THE WASHINGTON POST – Carole King and James Taylor make beautiful music at Verizon Center

By Dave McKenna

DuPont’s best and brightest couldn’t produce better chemistry in a lab than what James Taylor and Carole King come up with onstage.

They’re hardly alike. Appearing together at Verizon Center on Tuesday, King, now 68, was raucous beyond belief, while Taylor, at 62, exuded superhuman serenity. Fire and rain, one might say.

The old friends are touring to celebrate the 40th anniversary of their first show together, a gig at the Troubadour in Los Angeles. The singers are backed on the road by, as Taylor put it, all “the original cats” that appeared with them in 1969 in L.A. — a supergroup including Leland Sklar on bass, Russ Kunkel on drums and Danny Kortchmar on guitar.

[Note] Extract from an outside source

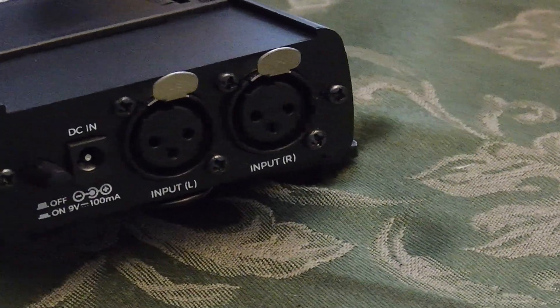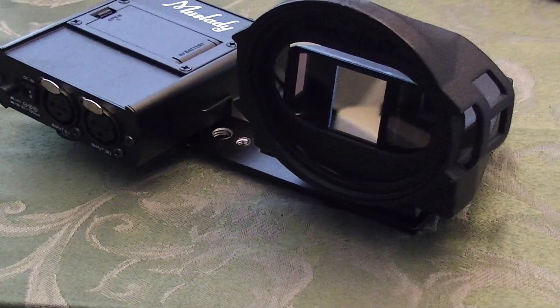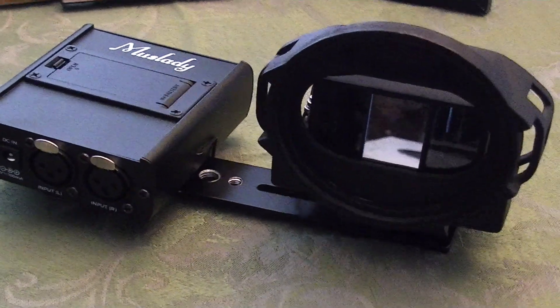It'll also protect your camera's lens from excessive sun exposure. Now the audio coming from this camera isn't great — it kind of sounds something like this. But you can easily work around this by using a separate audio recorder. If it has a 3.5mm input, maybe get an XLR adapter so you can plug in mics, and then you can sync that audio in post.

To kick off the nearly 2 1/2 -hour retrospective performance, Taylor sang “Something in the Way She Moves.” That’s a fabulously appropriate set opener and hinted that their respective ties to the Beatles had helped bring Taylor and King together all those years ago. Taylor originally recorded that song for his 1968 debut LP shortly after the Fabs made him the first non-British act signed to their Apple Records. (He repaid the biggest band in the universe for their kindness by letting them cop his lyrics to open George Harrison’s “Something.”)

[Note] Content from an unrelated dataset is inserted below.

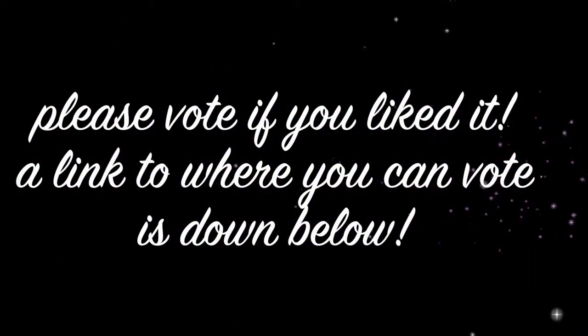Thank you guys so much for watching. If you guys liked this video, it would help me so much if you guys voted down below. I will have a link to where you can vote.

And years before launching Taylor’s career, the Beatles recorded “Chains,” which King had written with former husband Gerry Goffin during her days as a hitmaking machine in the Brill Building era.

On Tuesday night, King, in a rare mellow moment, offered up “Will You Love Me Tomorrow,” her chronicle of young romance and all the vulnerability that goes with it, and one of the most beautiful pop songs of all time. The Beatles played that tune live in the days before coming across the pond. The cracks in King’s voice that have come with age only made the song more devastatingly great.

Taylor reminded folks of his supreme melody-making gifts and otherworldly niceness with enduring radio staples “Fire and Rain,” “Sweet Baby James” and “Carolina in My Mind,” the latter also dating back to his Apple debut. They dueted magically on songs that King wrote and Taylor recorded soft-core versions of long ago: “Up on the Roof” and “You’ve Got a Friend.” The commercial success that he found with his hyper-introspective material and other similarly low-volume singles opened doors for a lot of singer-songwriters who lacked his chops, and, for better or worse, made Taylor as responsible as anybody for taking the oomph out of pop radio for so much of the 1970s.

King, however, remains very much able to bring out the oomph. For “I Feel the Earth Move,” she got out from behind her grand piano to shimmy and kick all over the in-the-round stage. “This is my day job!” she screamed when she was done dancing.

And the night’s highlight came when she turned her glorious and soulful “Natural Woman” into a power ballad. The tune ended with much of the sellout crowd on its feet and following her lead in singing a rowdy chorus of “Yeah! Yeah! Yeah!” Much as a famous pop band once did.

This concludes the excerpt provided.